Para ilustrar a história para os nossos vindouros, tirámos uma fotografia,  numa máquina fotográfica Olimpus Pen F que nos foi emprestada. 

Em Bissau, o rolo foi revelado e concretizou-se assim o registo desta história,  bem real,  e que poderá ser testemunhada por alguns militares que foram protagonistas nesta situação, com um desfecho natural porque foi em legítima defesa, numa contexto em que era necessária uma intervenção rápida e eficaz.

Esta história poderia ter outro desfecho?

Naturalmente que poderia,  contudo, ao vermos aquele enorme ofídio em posição de ataque, houve a natural resposta que terminou com a morte trágica do animal.

Nova Sintra, 1973 
 Carlos M. Lima Barros,
 ex-furriel miliciano

2. Comentário do editor LG:

O autor da série não nos mandou a foto da tal cobra com "quase quatro metros de comprimento". Pelo comprimento poderia ser uma cobra pitão-real (Python regius), um das mais pequenas dos pitões... Mas não costuma ultrapassar os dois metros... (lê-se no portal do Jardim Zoológico). Provavelmente, seria um exemplar, juvenil, do "irã-cego" (ou pitão africano), da qual temos, no nosso blogue, várias  estórias...
 
____________

Nota do editor:

Último poste da série > 11 de novembro de 2020 > Guiné 61/74 - P21533: Pequenas histórias dos Mais de Nova Sintra (Carlos Barros, ex-fur mil at art, 2ª C/BART 6520/72, 1972/74) (11): O morcego e a cria, ou um "desastre.. da caça"

3 comentários:

Tabanca Grande Luís Graça disse...

Nunca mates o teu irã-cego...


(...) Acordou alagada da sesta… maldita humidade. Abriu os olhos ainda tempo de ver o Irã que deslizava, entre uma trave e outra, no tecto do quarto, para desaparecer no escuro da telha enegrecida. Em que buraco se metia? Lembrou-se…

“- Matem a cobra!
- Não. Senhora…
- Mata a cobra… Anselmo?! Há uma cobra no tecto da casa!
- Senhora é o guardião… não.
- Guardião…?
- Sim, Senhora, guarda a casa.
- Anselmo… É uma cobra branca.
- Não… É Irã Cego… é poderoso e vai protegê-la a si e aos meninos.” (...)


9 DE JUNHO DE 2009
Guiné 63/74 - P4484: Fauna & flora (20): Histórias de grandes serpentes: da jibóia de 7 metros (Paulo Raposo) ao irã-cego (Clara Amante)

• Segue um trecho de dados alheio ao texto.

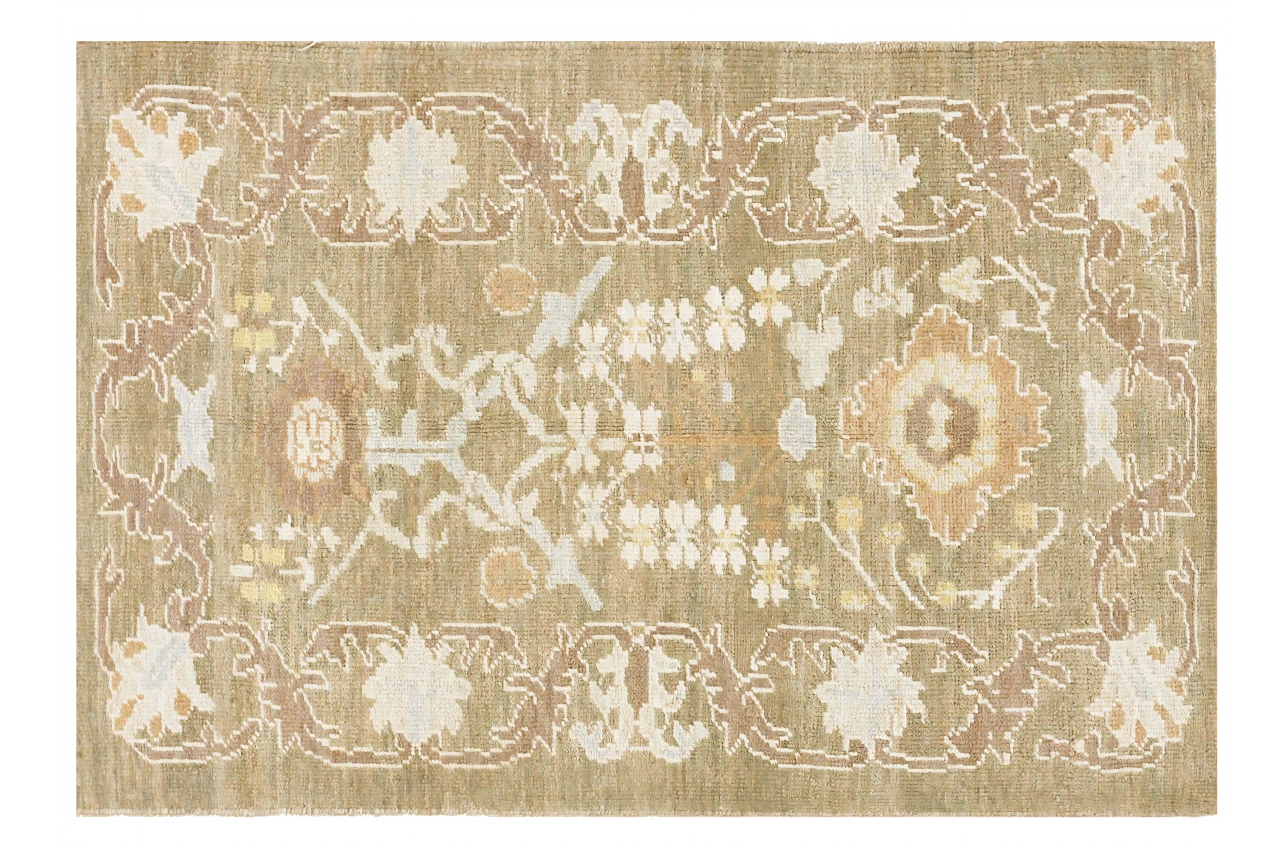 Persian Oushak Transitional Rug 70532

Tabanca Grande Luís Graça disse...

irã-cego.

nome masculino: pitão africano (, no Novo Mundo, jiboia).

Do crioulo guineense iran segu, «idem», de irã+segu, «cego», por os olhos só poderem ser observados se fechados

https://www.infopedia.pt/dicionarios/lingua-portuguesa/ir%C3%A3s-cegos

Fernando Ribeiro disse...

Luís, tens a certeza de que a pitão não constitui um perigo real para os seres humanos? Pelo menos para as crianças, ela constitui um perigo real e bem real. Se ela come cabras e cães e até vitelos (e come!), também pode comer uma criança. Há um poema de Agostinho Neto em que ele afirma ter sido salvo «do abraço da jiboia», mas não diz que idade tinha quando isso aconteceu. O poema é este: https://www.lusofoniapoetica.com/angola/agostinho-neto/mussunda-amigo.

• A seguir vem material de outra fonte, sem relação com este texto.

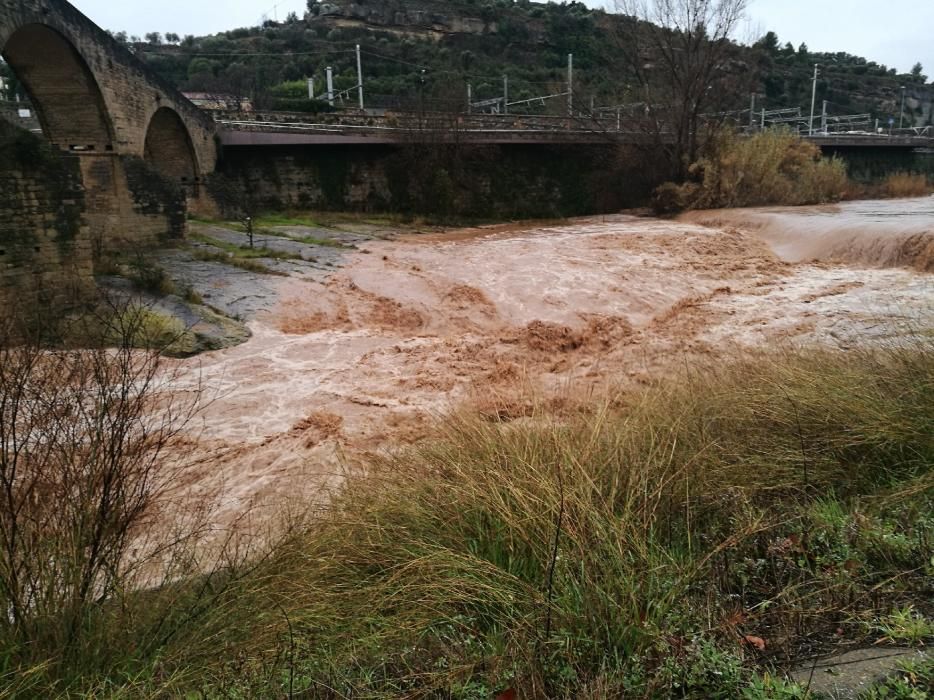 Llobregat i Cardener després del temporal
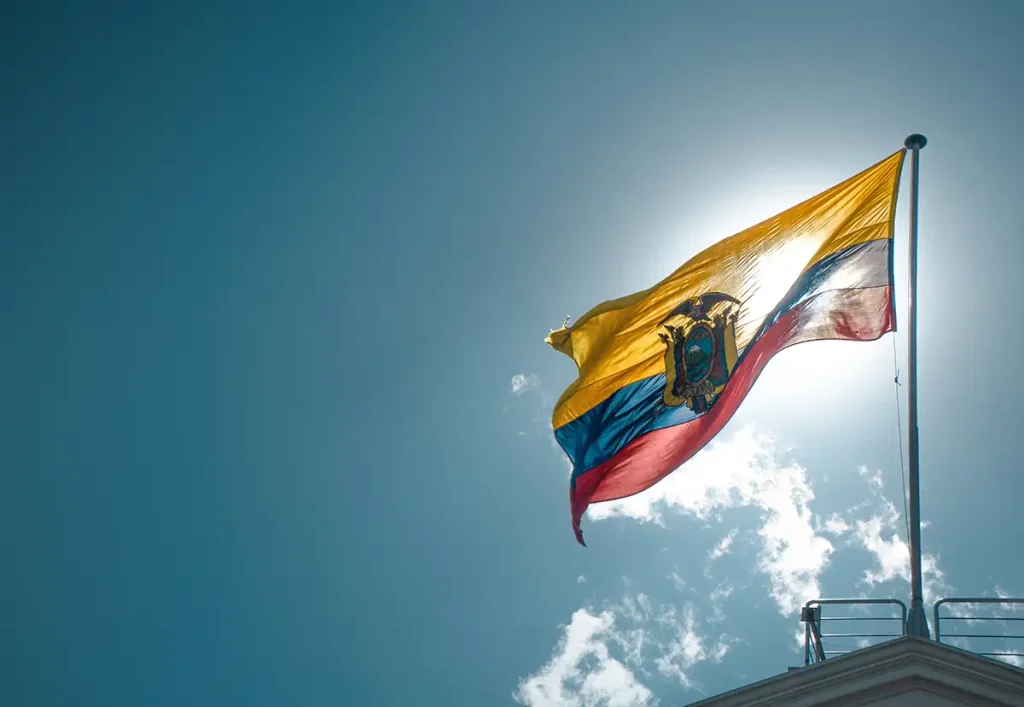 Bandera Ecuador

Vi várias pitões no norte de Angola, onde eram chamadas jiboias. Onde quer que o terreno fosse rochoso, era garantido que havia por lá uma ou mais cobras dessas. Não era preciso procurar muito para se encontrar uma, imóvel, a fazer a digestão de mais um almoço (um antílope ou javali, talvez). Os angolanos até inventaram o verbo "jiboiar", cujo significado facilmente se adivinha. Os angolanos são danados para inventarem palavras...

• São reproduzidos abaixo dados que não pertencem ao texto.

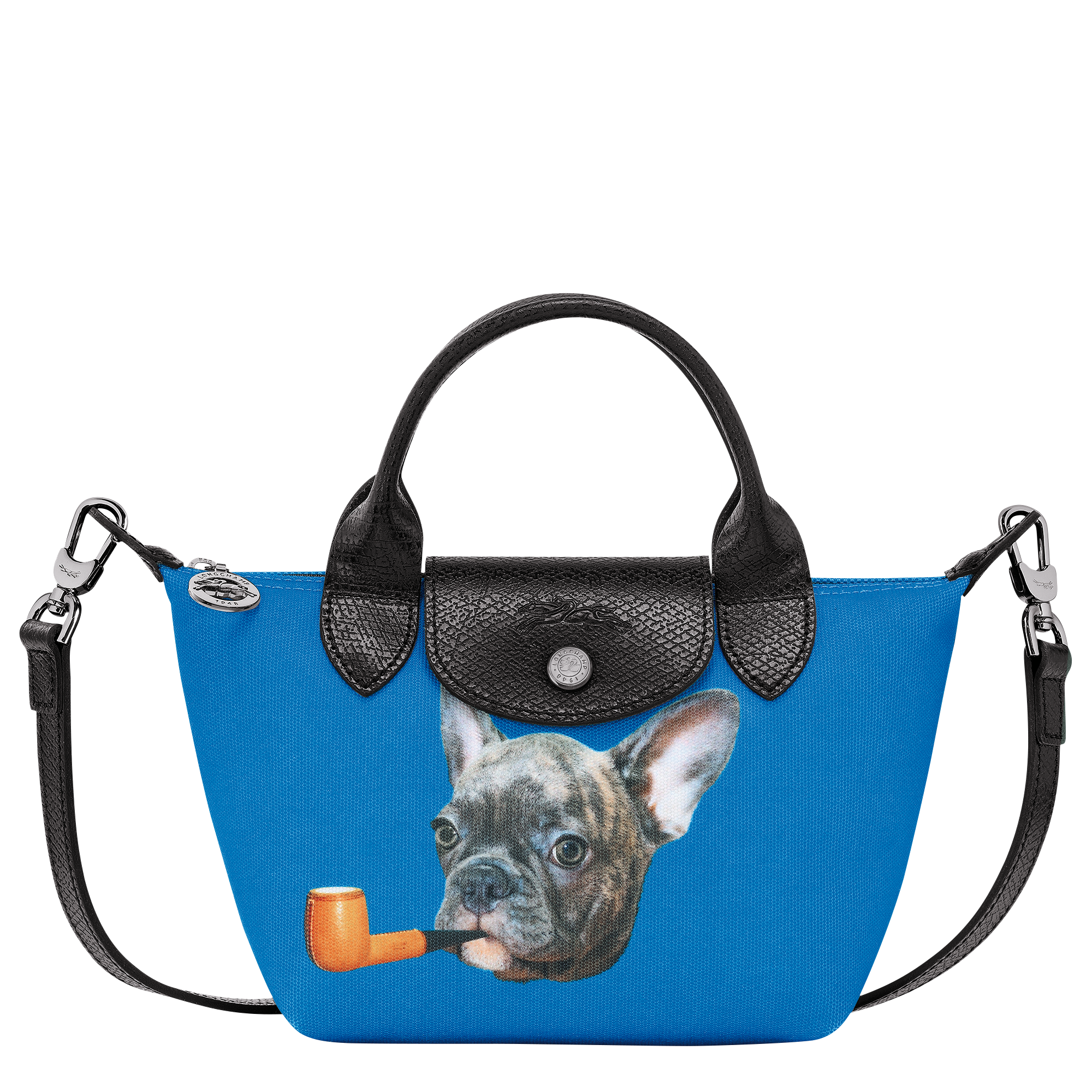 Longchamp x ToiletPaper 手提包 XS, 藍色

O uso em África de nomes provenientes do Brasil não é de espantar. O tráfico de escravos explica-o facilmente. As idas e vindas de navios negreiros entre o Brasil, por um lado, e a Guiné, a Mina, o Congo, Angola e outras paragens africanas, por outro, tornavam as colónias africanas, não colónias de Portugal diretamente, mas sim colónias do Brasil. Elas eram colónias de uma colónia; eram duplamente colónias. Por isso, não é de admirar que em Angola, nomeadamente, se chame jiboia a uma pitão, onça a um leopardo ou jacaré a um crocodilo.